My new workstation is “finished”; I’ve been using it for client work and all seems well. I meant to post interim updates on its progress along with some photos, but got carried away with the build. No doubt I’ll get some photos on here soon.
One minor issue which I resolved (at least for now) last night was annoying pauses in GNU/Linux (Ubuntu), which I use as my main operating system. These roughly second-long pauses in which my mouse input wasn’t actioned seemed to occur particularly often when doing things like switching tabs in Thunderbird’s settings dialogue boxes amongst other things.

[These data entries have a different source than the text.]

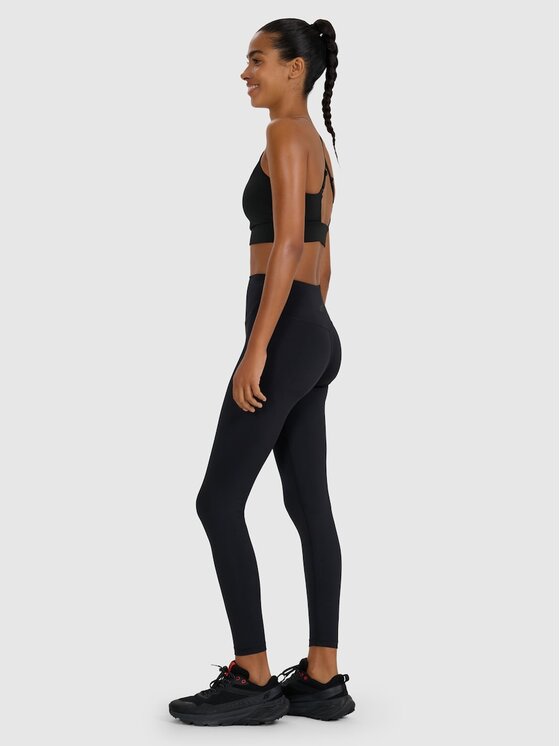 4F 4F Leggings 4FWMM00TFTIF411-20S Nero Authentic Slim Fit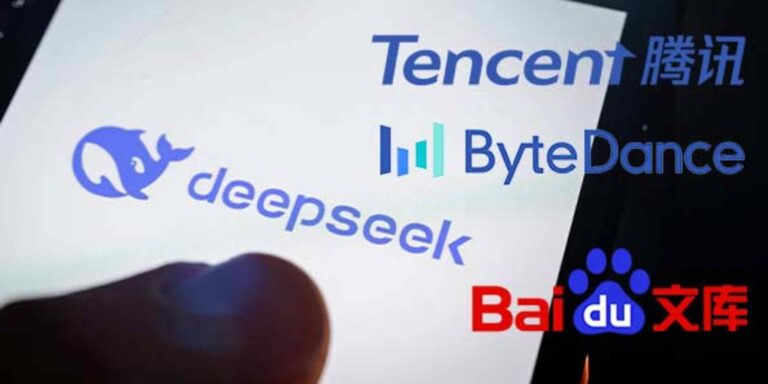 腾讯对 DeepSeek 的拥抱将撼动中国聊天机器人市场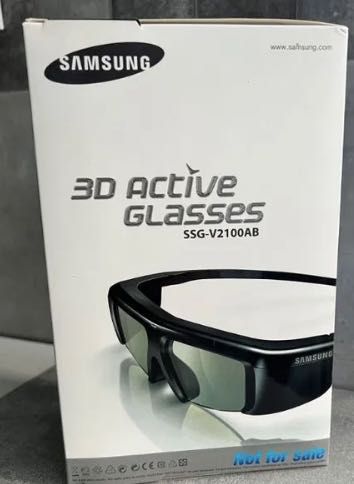 Samsung óculos 3D Ativos SSG-V2100AB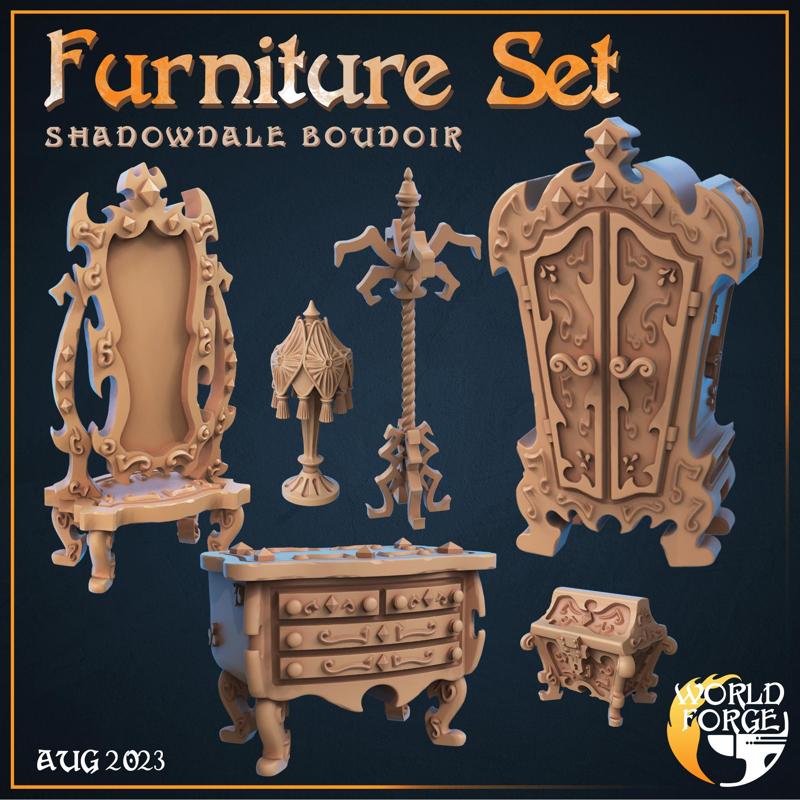 Shadowdale Boudoir Furniture Set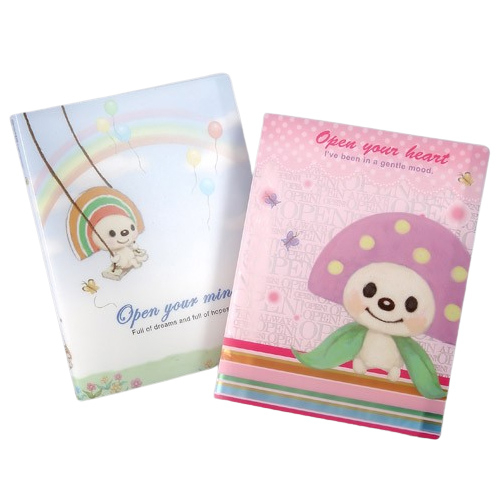 L夾-授權圖案-OPEN將-20入含封套收納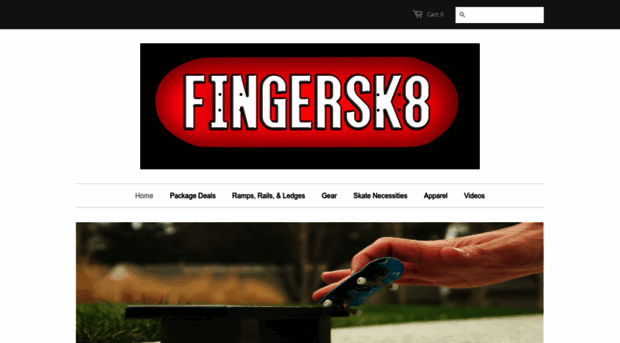 fingersk8.com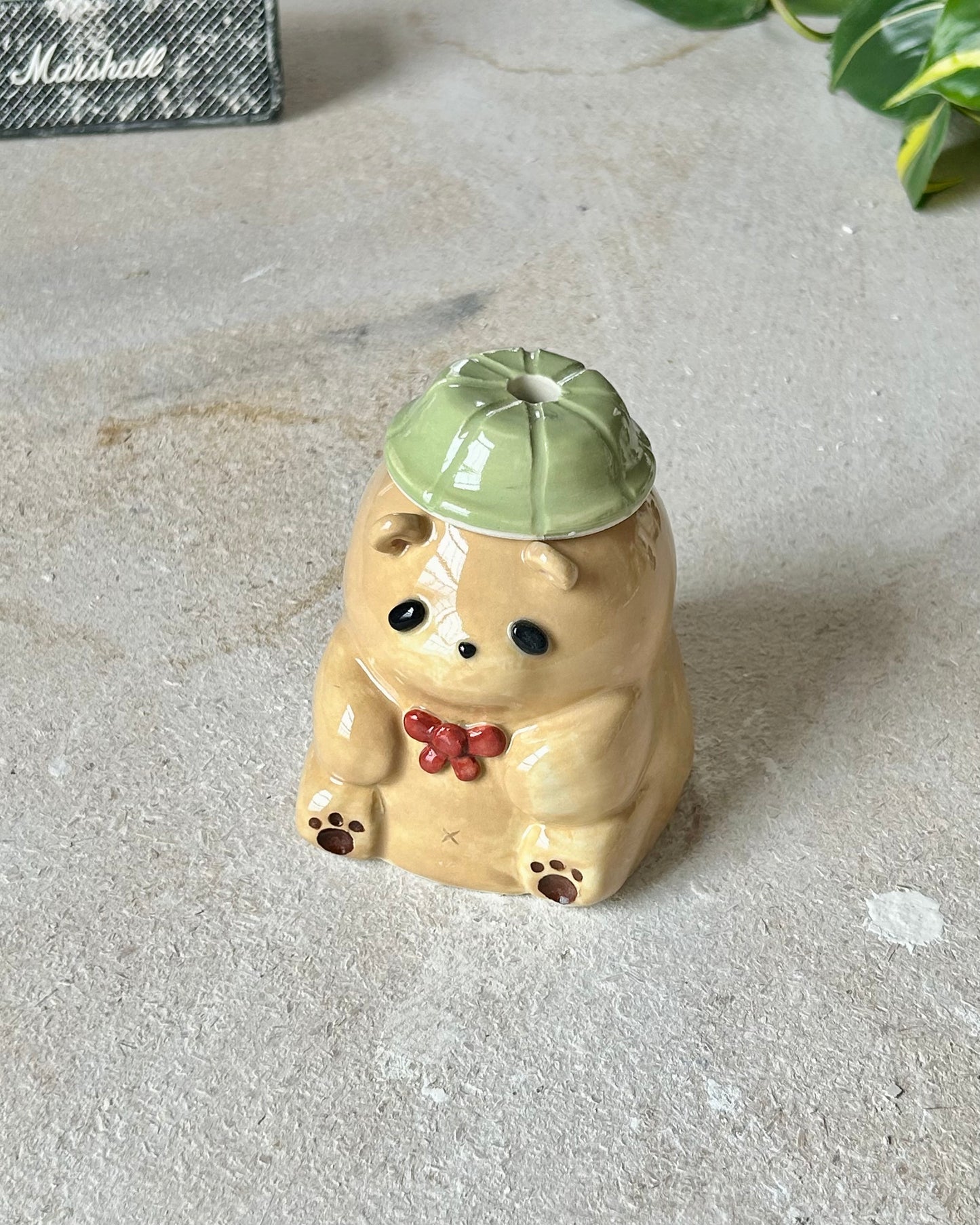 Tawny Bear Tumbler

They hadn’t always been present, and I was pretty sure they were because of some adjustments I had made to operating system settings on account of using a SSD (solid-state drive), which were intended to increase long-term performance and wear levels. I’d followed most of the tips from these pages:
- New to SSDs?
- Four Tweaks for Using Linux with Solid State Drives
- Geek Sheet: A Tweaker’s Guide to Solid State Drives (SSDs) and Linux
- Linux Filesystems for Modern SSDs and TRIM Support
Following the advice given, I’d enabled TRIM support for my ext4 partition by editing my fstab file. However, after making that and other changes, a process of elimination showed that it was this adding of the ‘discard’ option that had introduced the annoying pauses.
I’m now running without ‘discard’ (TRIM) enabled on my Crucial RealSSD C300. Hopefully the drive will “recover” well enough without TRIM. I’ll also try re-enabling ‘discard’ every time a new kernel is installed to see if this issue gets sorted.